Animal studies are used in basic research to provide insight into aspects of human diseases. They have paved the way for certain therapeutic innovations, although there are several steps that follow before a treatment can be approved for human use. In debates about the ethics of animal research, clinical translation is one of the main justifications of such work, yet there is little evidence on how many studies make it through each step and are finally approved.

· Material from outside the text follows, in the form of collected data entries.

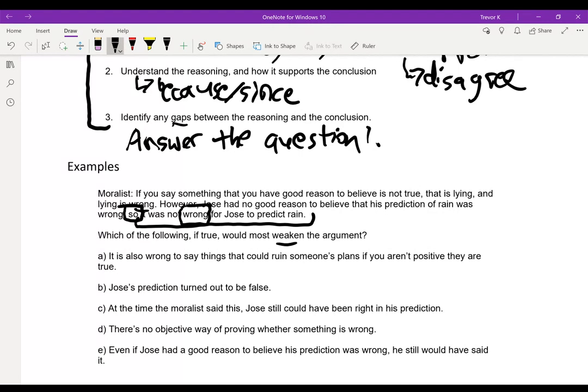The reason we leave the question until the end is that you can also imagine this as a strengthen question — it would be the opposite. A weaken question points out the gap; a strengthen question would add something like 'there is no other reason that Jose was morally wrong.' They're pretty close to each other, so we don't really need to worry about the question type until the end.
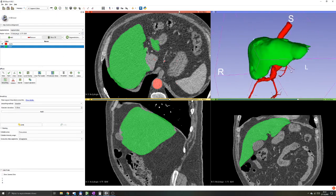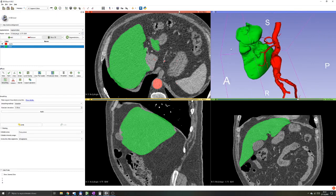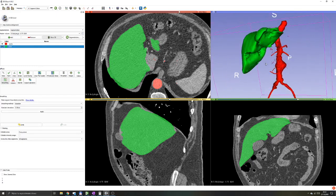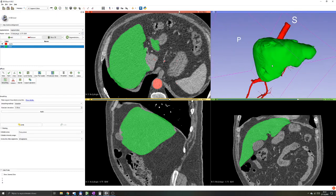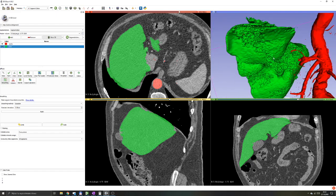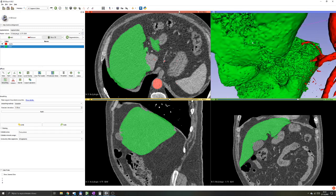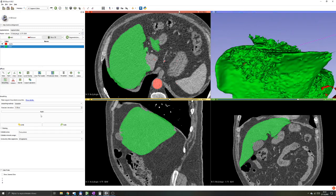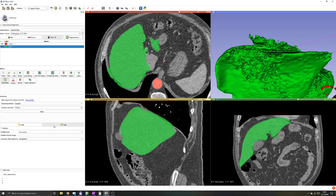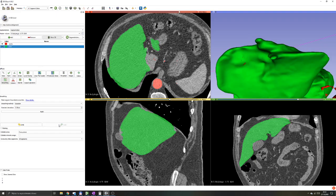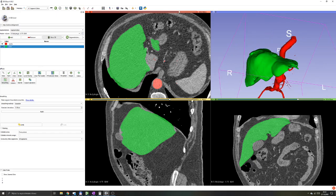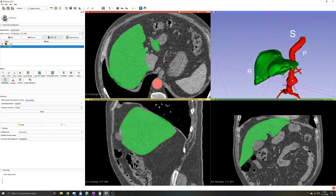As you can see, it smoothed the liver pretty nicely. It's still not perfect, but for me it's already way better. We don't have all that noise and stuff that we wanted to smooth out. Now it's relatively ready to export and to show it to a doctor, or even to 3D print it.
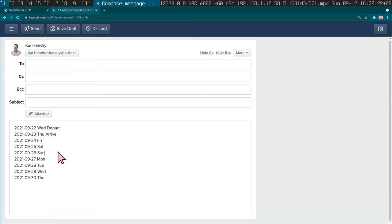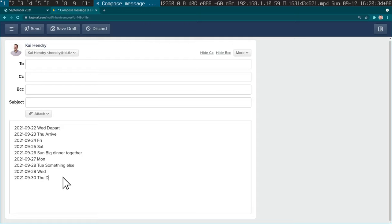Like, I depart, I arrive, big dinner together, something else, and then depart. I just like this format because people can reply in line and say perhaps they have a problem with this date and we can work out a thing.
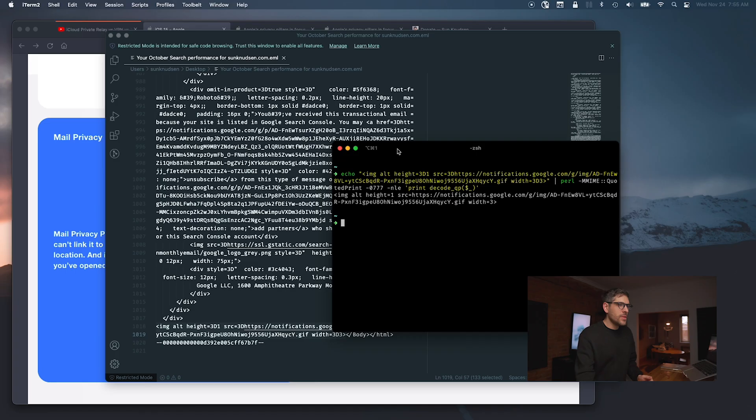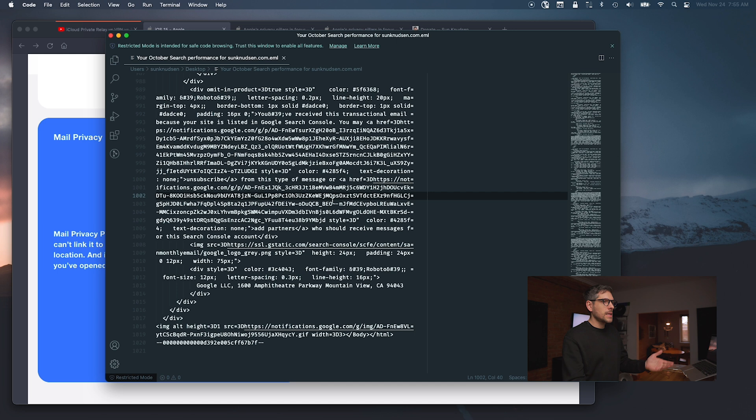If you look at the source code of pretty much all email marketing emails you've received, that tracking pixel would be there somewhere. Some people take this even further — all images in an email can have metadata that reveals that a specific person has viewed the image. Additionally, many clickable links will also fire those trackers. To block those, one would need to not click links, which is quite inconvenient, or not display images at all.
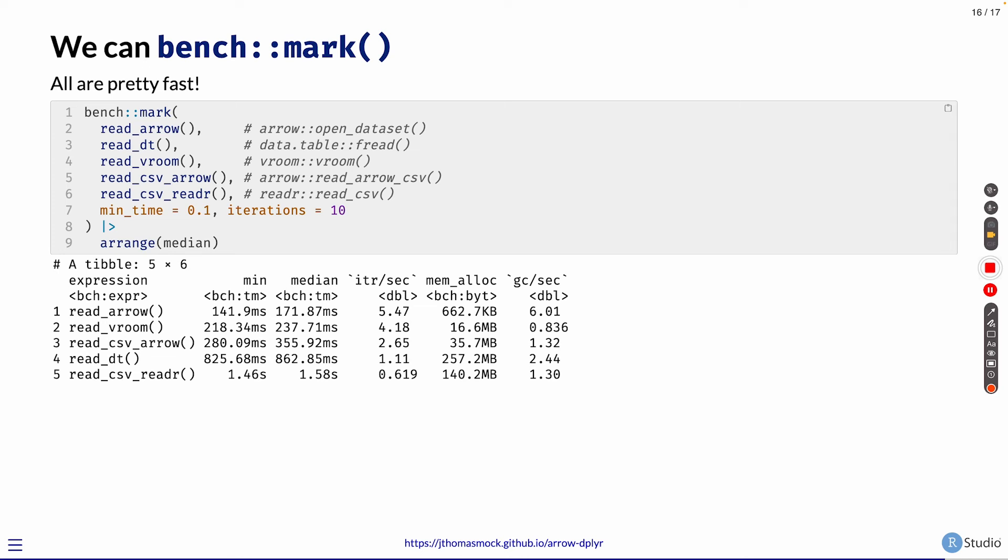So we can see that not only is Arrow really efficient for this exploratory data analysis, getting subsets and small queries and dplyr filters and group bys and everything else, but it's also extremely fast at pulling data into memory, just reading it all in without having to do a filter step.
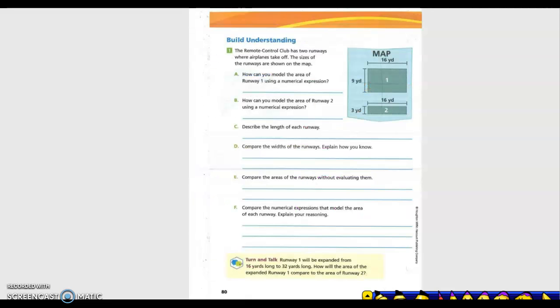Building understanding: The remote control club has two runways where airplanes take off. The sizes of the runways are shown on the map. To find the area of runway one, we would do 16 times 9 — or it could also be written as 9 times 16, since you can go either way with multiplication. For runway two, the area is 3 times 16, or 16 times 3.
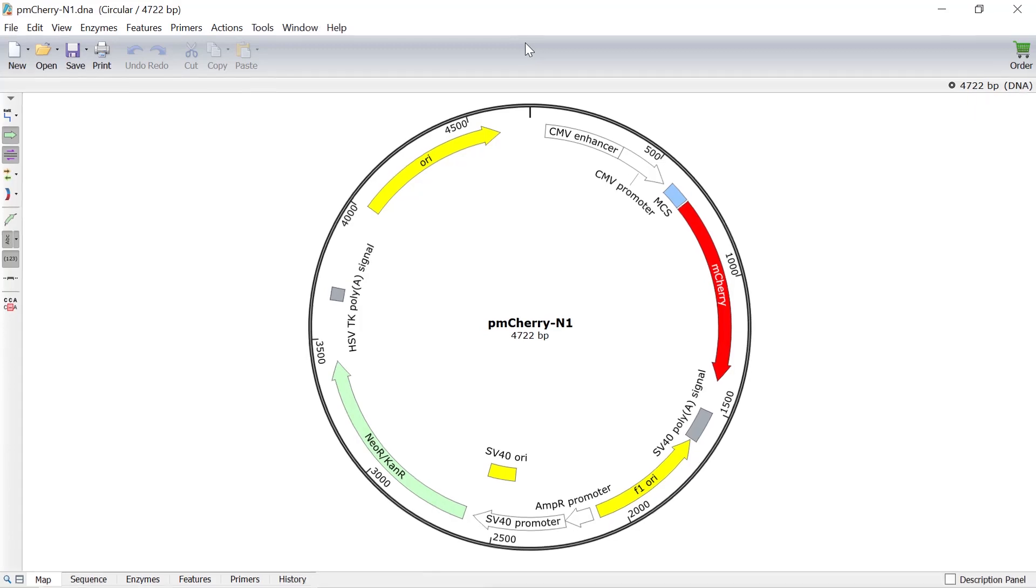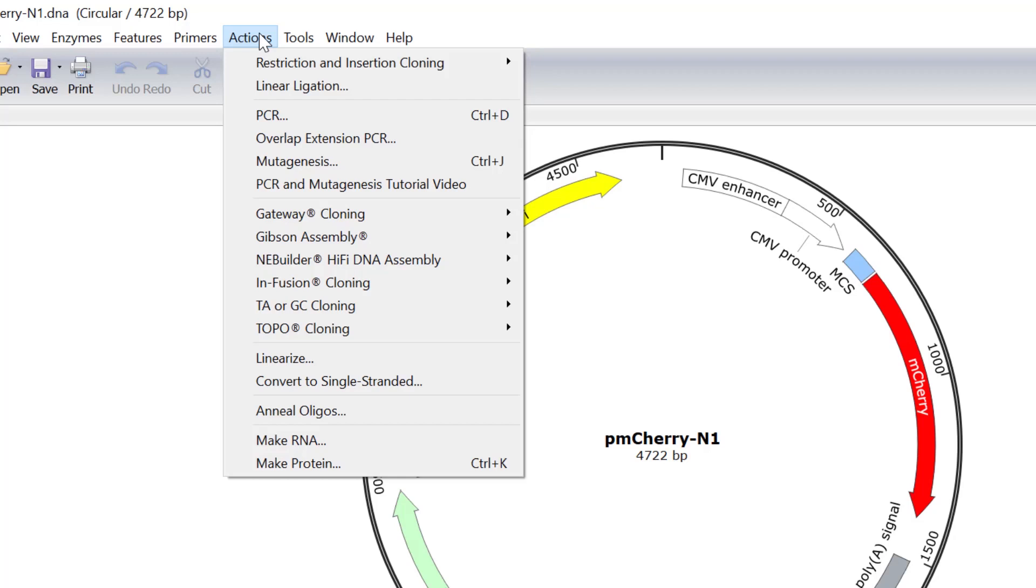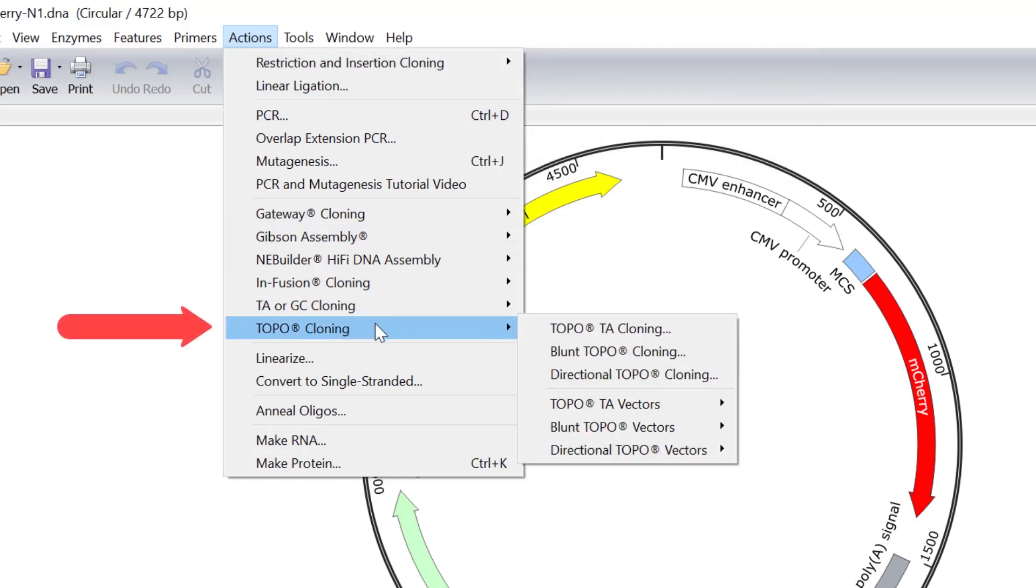To begin, go to Actions, Topo cloning, and select the desired variation from the submenu.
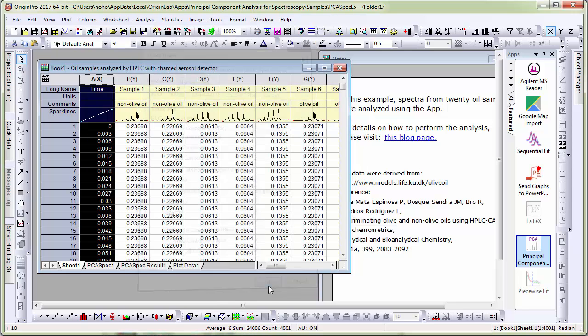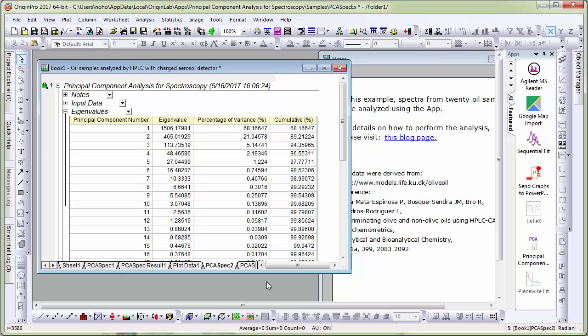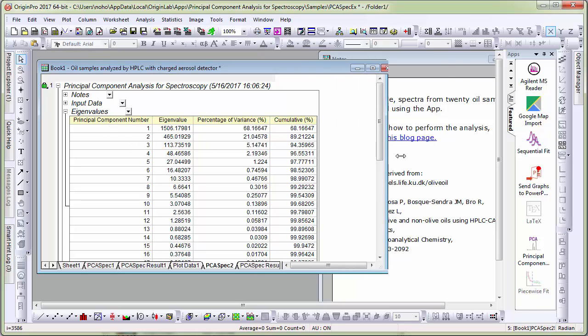Let me click OK. Origin performs, the app performs the computation. Then I can go to my report sheet which has several tables.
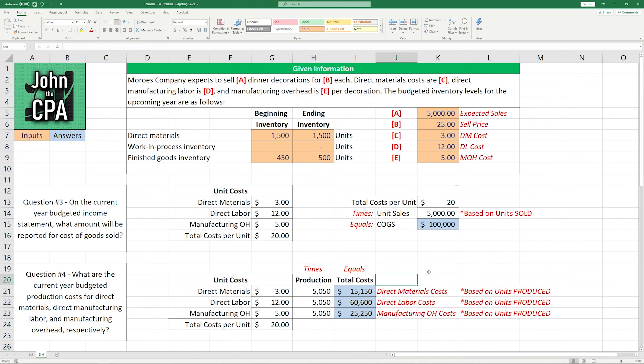So there you go. There's some sample questions based on budgets and cost accounting. Hope doing this in Excel is very helpful to you. It's very helpful to me. Go ahead and rewatch the video if you have any questions, and best of luck on your future assignments.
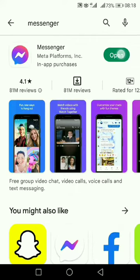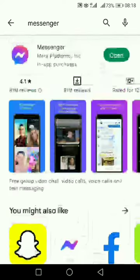After your Messenger is updated, it will look like this. You can see the open option here, and now all the updated features will be applied to your device. That's all for today — thank you for watching this video. Don't forget to like and subscribe to our channel, and comment below what video you want to see next. We will see you soon!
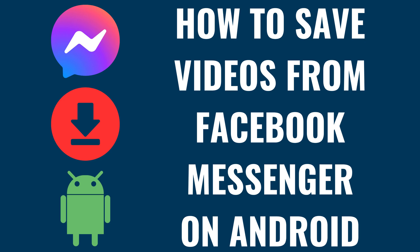I'm Max Dalton, and in this video I'll show you how to save videos from Facebook Messenger on your Android device.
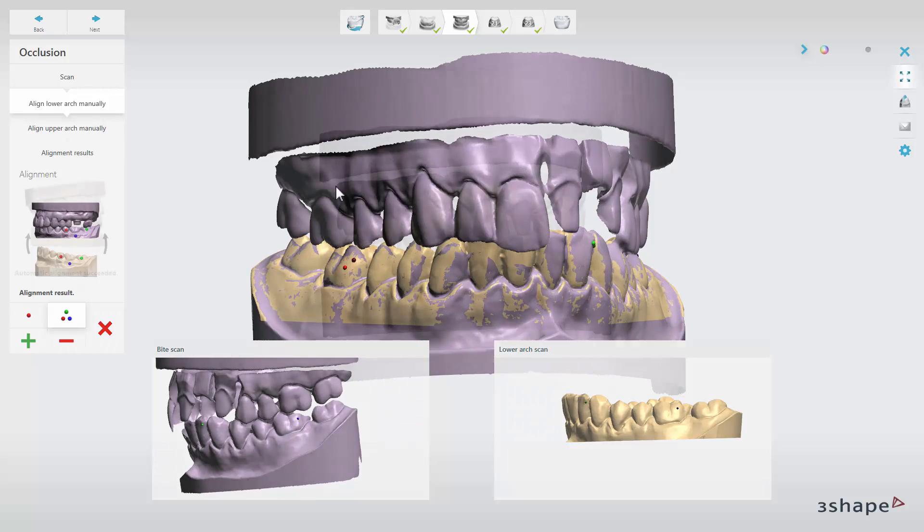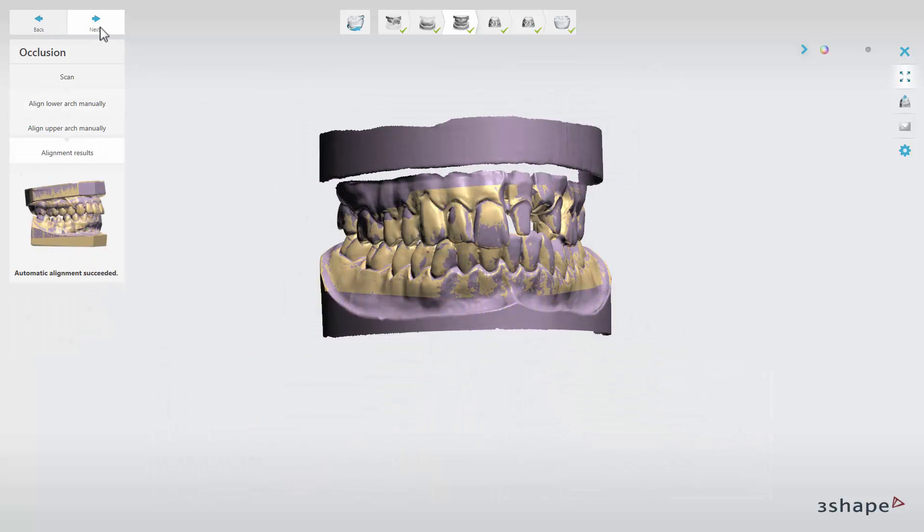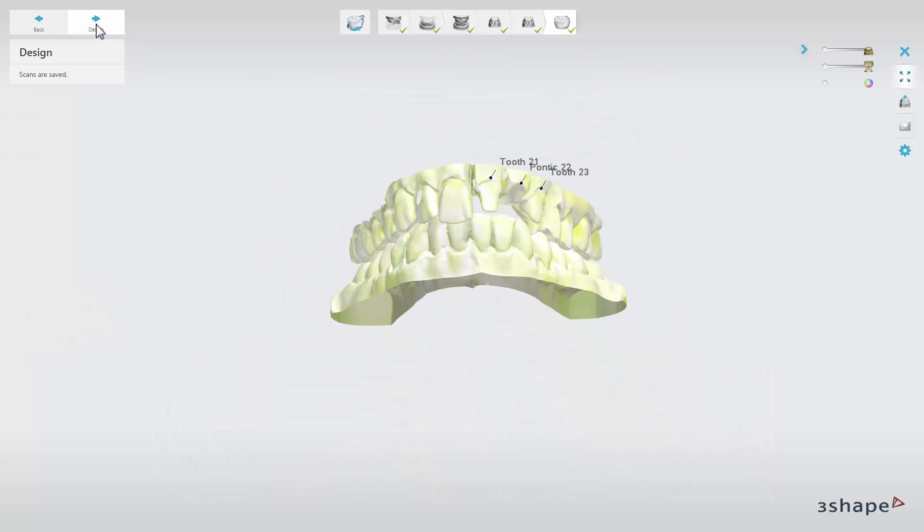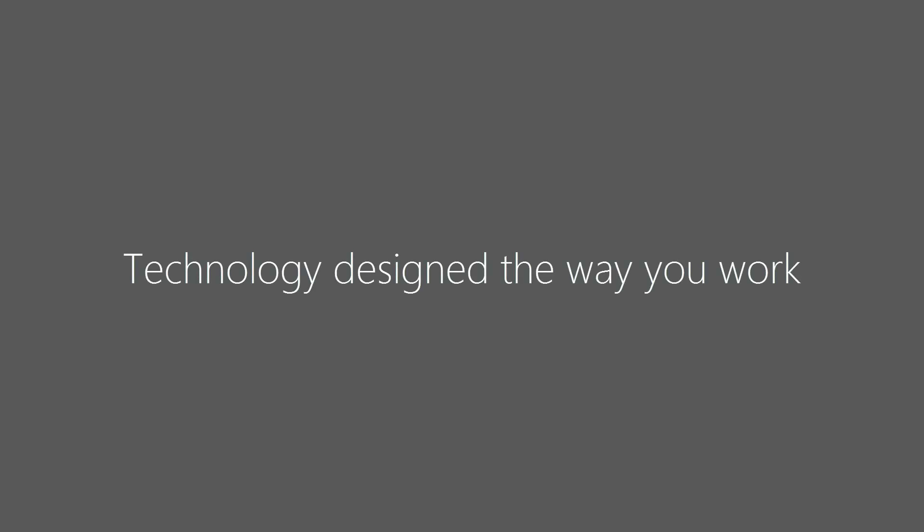If the models match perfectly, click Next to save all scans, and then you are ready for designing. Thank you for watching.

Benjamin Ineichen of the University of Zurich, Switzerland, and colleagues meta-analyzed 122 systematic reviews that evaluated the translation of therapies from animals to humans. They assessed how many advanced to any human study, to a randomized controlled trial and to regulatory approval as well as looking at consistency between animal and human study results. They found that of 367 therapeutic interventions tested in 54 human diseases, 50% progressed from human to animal studies, 40% to randomized controlled trials and only 5% to regulatory approval. There was a high rate — 86% — of alignment between animal and human studies, and the average time periods for reaching the different stages were five years to any human study, seven years to randomized controlled trials and 10 years to regulatory approval.

Although the number of studies crossing the first stage is higher than previous evidence has suggested, the low rate of final approval suggests there could be deficiencies to address in the design of both animal and early clinical studies.

The authors add, “To improve animal-to-human translation, we advocate for enhanced study design robustness of animal and human research which will not only benefit experimental animals but also affected patients.”